THE TASK: From the first line to the last, print the records exactly.

─── MATERIAL FOR THIS TASK ───

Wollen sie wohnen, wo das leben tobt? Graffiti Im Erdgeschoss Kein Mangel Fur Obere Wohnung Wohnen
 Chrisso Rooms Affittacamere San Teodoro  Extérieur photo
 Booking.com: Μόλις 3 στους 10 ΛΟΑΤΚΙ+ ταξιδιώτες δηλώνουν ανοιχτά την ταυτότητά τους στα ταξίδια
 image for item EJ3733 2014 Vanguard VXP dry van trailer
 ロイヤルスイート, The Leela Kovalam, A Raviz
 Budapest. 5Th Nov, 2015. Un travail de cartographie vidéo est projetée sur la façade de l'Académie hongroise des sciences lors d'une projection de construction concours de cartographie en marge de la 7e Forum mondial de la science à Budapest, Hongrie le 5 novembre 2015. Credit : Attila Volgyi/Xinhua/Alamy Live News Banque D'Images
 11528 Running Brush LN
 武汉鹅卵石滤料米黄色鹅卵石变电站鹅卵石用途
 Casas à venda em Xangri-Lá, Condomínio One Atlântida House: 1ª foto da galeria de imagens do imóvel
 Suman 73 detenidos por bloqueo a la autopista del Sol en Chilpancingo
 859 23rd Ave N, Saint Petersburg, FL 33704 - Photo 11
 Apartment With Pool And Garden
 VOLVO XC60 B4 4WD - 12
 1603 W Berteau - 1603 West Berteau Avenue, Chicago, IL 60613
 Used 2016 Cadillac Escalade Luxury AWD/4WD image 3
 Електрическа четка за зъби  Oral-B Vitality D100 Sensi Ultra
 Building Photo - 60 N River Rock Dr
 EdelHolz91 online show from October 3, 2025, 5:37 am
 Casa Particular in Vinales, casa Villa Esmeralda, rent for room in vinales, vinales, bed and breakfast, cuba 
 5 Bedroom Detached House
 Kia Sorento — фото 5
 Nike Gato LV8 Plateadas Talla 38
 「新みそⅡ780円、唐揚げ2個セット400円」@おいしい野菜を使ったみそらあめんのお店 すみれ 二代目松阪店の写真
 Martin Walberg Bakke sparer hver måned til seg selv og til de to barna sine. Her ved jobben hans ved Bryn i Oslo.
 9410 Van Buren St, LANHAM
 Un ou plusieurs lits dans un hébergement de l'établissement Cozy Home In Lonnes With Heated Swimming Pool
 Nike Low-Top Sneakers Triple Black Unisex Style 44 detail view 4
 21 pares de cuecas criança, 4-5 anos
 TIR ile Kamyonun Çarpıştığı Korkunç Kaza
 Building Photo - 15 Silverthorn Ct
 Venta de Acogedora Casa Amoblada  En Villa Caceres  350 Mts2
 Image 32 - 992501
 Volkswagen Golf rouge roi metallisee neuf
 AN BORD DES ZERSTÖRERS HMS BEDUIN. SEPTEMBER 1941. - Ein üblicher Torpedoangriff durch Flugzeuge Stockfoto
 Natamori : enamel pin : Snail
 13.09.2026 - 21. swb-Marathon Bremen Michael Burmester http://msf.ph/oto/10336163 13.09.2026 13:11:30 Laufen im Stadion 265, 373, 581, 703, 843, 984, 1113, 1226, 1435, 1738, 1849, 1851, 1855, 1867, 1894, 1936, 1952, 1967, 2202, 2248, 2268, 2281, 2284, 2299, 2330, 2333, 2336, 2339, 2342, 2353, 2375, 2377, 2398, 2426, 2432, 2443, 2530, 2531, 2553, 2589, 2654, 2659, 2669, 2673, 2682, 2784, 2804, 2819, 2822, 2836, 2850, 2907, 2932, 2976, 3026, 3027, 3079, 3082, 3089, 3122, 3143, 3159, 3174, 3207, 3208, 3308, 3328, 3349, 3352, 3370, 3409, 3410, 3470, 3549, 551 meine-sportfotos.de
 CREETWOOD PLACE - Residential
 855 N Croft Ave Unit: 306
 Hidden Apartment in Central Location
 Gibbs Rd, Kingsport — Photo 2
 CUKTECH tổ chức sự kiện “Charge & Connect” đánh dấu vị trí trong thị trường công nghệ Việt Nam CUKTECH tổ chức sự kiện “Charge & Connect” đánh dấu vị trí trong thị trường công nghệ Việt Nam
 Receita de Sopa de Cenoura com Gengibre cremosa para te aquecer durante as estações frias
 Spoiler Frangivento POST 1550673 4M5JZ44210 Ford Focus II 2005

───

REPLY:
Wollen sie wohnen, wo das leben tobt? Graffiti Im Erdgeschoss Kein Mangel Fur Obere Wohnung Wohnen
 Chrisso Rooms Affittacamere San Teodoro  Extérieur photo
 Booking.com: Μόλις 3 στους 10 ΛΟΑΤΚΙ+ ταξιδιώτες δηλώνουν ανοιχτά την ταυτότητά τους στα ταξίδια
 image for item EJ3733 2014 Vanguard VXP dry van trailer
 ロイヤルスイート, The Leela Kovalam, A Raviz
 Budapest. 5Th Nov, 2015. Un travail de cartographie vidéo est projetée sur la façade de l'Académie hongroise des sciences lors d'une projection de construction concours de cartographie en marge de la 7e Forum mondial de la science à Budapest, Hongrie le 5 novembre 2015. Credit : Attila Volgyi/Xinhua/Alamy Live News Banque D'Images
 11528 Running Brush LN
 武汉鹅卵石滤料米黄色鹅卵石变电站鹅卵石用途
 Casas à venda em Xangri-Lá, Condomínio One Atlântida House: 1ª foto da galeria de imagens do imóvel
 Suman 73 detenidos por bloqueo a la autopista del Sol en Chilpancingo
 859 23rd Ave N, Saint Petersburg, FL 33704 - Photo 11
 Apartment With Pool And Garden
 VOLVO XC60 B4 4WD - 12
 1603 W Berteau - 1603 West Berteau Avenue, Chicago, IL 60613
 Used 2016 Cadillac Escalade Luxury AWD/4WD image 3
 Електрическа четка за зъби  Oral-B Vitality D100 Sensi Ultra
 Building Photo - 60 N River Rock Dr
 EdelHolz91 online show from October 3, 2025, 5:37 am
 Casa Particular in Vinales, casa Villa Esmeralda, rent for room in vinales, vinales, bed and breakfast, cuba 
 5 Bedroom Detached House
 Kia Sorento — фото 5
 Nike Gato LV8 Plateadas Talla 38
 「新みそⅡ780円、唐揚げ2個セット400円」@おいしい野菜を使ったみそらあめんのお店 すみれ 二代目松阪店の写真
 Martin Walberg Bakke sparer hver måned til seg selv og til de to barna sine. Her ved jobben hans ved Bryn i Oslo.
 9410 Van Buren St, LANHAM
 Un ou plusieurs lits dans un hébergement de l'établissement Cozy Home In Lonnes With Heated Swimming Pool
 Nike Low-Top Sneakers Triple Black Unisex Style 44 detail view 4
 21 pares de cuecas criança, 4-5 anos
 TIR ile Kamyonun Çarpıştığı Korkunç Kaza
 Building Photo - 15 Silverthorn Ct
 Venta de Acogedora Casa Amoblada  En Villa Caceres  350 Mts2
 Image 32 - 992501
 Volkswagen Golf rouge roi metallisee neuf
 AN BORD DES ZERSTÖRERS HMS BEDUIN. SEPTEMBER 1941. - Ein üblicher Torpedoangriff durch Flugzeuge Stockfoto
 Natamori : enamel pin : Snail
 13.09.2026 - 21. swb-Marathon Bremen Michael Burmester http://msf.ph/oto/10336163 13.09.2026 13:11:30 Laufen im Stadion 265, 373, 581, 703, 843, 984, 1113, 1226, 1435, 1738, 1849, 1851, 1855, 1867, 1894, 1936, 1952, 1967, 2202, 2248, 2268, 2281, 2284, 2299, 2330, 2333, 2336, 2339, 2342, 2353, 2375, 2377, 2398, 2426, 2432, 2443, 2530, 2531, 2553, 2589, 2654, 2659, 2669, 2673, 2682, 2784, 2804, 2819, 2822, 2836, 2850, 2907, 2932, 2976, 3026, 3027, 3079, 3082, 3089, 3122, 3143, 3159, 3174, 3207, 3208, 3308, 3328, 3349, 3352, 3370, 3409, 3410, 3470, 3549, 551 meine-sportfotos.de
 CREETWOOD PLACE - Residential
 855 N Croft Ave Unit: 306
 Hidden Apartment in Central Location
 Gibbs Rd, Kingsport — Photo 2
 CUKTECH tổ chức sự kiện “Charge & Connect” đánh dấu vị trí trong thị trường công nghệ Việt Nam CUKTECH tổ chức sự kiện “Charge & Connect” đánh dấu vị trí trong thị trường công nghệ Việt Nam
 Receita de Sopa de Cenoura com Gengibre cremosa para te aquecer durante as estações frias
 Spoiler Frangivento POST 1550673 4M5JZ44210 Ford Focus II 2005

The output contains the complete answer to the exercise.